FIG. 3 is a diagram showing a relationship between condensate conductivity and reactor water conductivity using a reactor coolant purification system capacity as a parameter.

FIG. 4 is a non-aid filter using a hollow fiber membrane.

FIG. 5 is a process flow chart showing a third embodiment of the present invention.

FIG. 6 is a configuration diagram of a method of isolating a condenser.

FIG. 7 is an emergency shutdown procedure.

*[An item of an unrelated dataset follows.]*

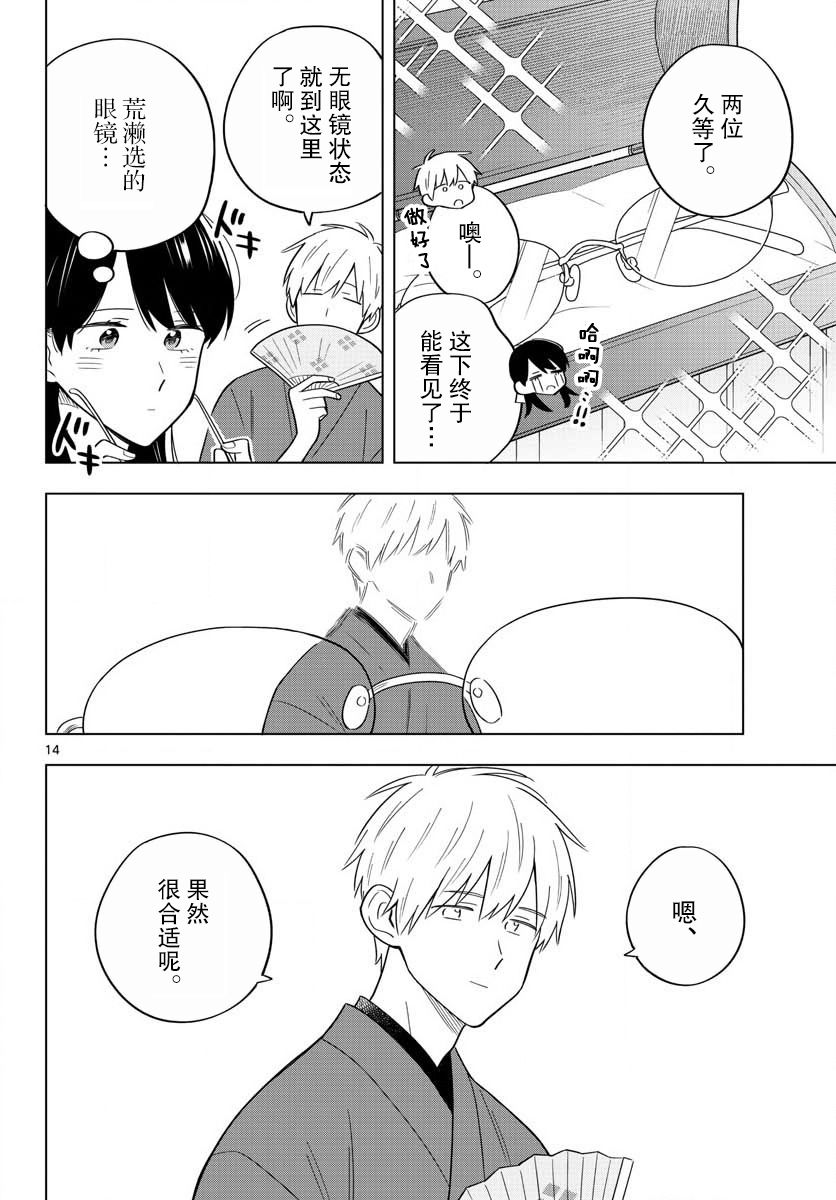 《这个老师不教恋爱》漫画最新章节第38话免费下拉式在线观看章节第【14】张图片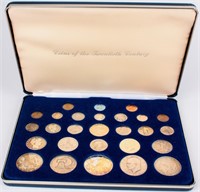Coin "Coins of the 20th Century" in Plush Case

FIG. 8 is a conventional process flow diagram.

[Explanation of symbols]

DESCRIPTION OF SYMBOLS 1 ... Reactor 2 ... Turbine 3 ... Condenser 4 ... Low-pressure condensate pump 5 ... Condensate filter 6 ... High-pressure condensate pump 7 ... Feedwater heater 8 ... Feedwater pump 9 ... Regeneration heat exchanger 10 ... Non-regenerative heat Exchanger 11: Filtration desalter 12: Reactor coolant purification system 13: Reactor recirculation system 14: Condensate desalter 15: Chemical analyzer 16: Signal converter 5a: Backwash water tank 14a: Backwash Water tank 14b… Chemical regenerated liquid tank 14c… Chemical waste liquid tank 14d… Waste storage equipment

Claims (4)

[Claims] In a boiling water nuclear power plant having a condensate purification system and a reactor coolant purification system, a condensate filter capable of removing insoluble impurities is independently installed as a condensate purification system. A boiling water nuclear power plant, characterized in that: 2. The boiling water nuclear power plant according to claim 1, wherein the condensate filter is one of a non-aid filter and a powdered resin precoat type filter and desalinator. 3. A system for isolating the condenser and urgently stopping the operation of the reactor when the conductivity or the chloride ion concentration in the condensate rises above a predetermined value. The boiling water nuclear power plant according to claim 1 or 2. 4. When the conductivity or chlorine ion concentration in the condensate rises to a predetermined value or more, when the operation of the nuclear reactor is emergency stopped, by performing a reactor coolant purification system capacity increasing operation, The boiling water nuclear power plant according to claim 3, further comprising a system having a function of removing impurities in the reactor water.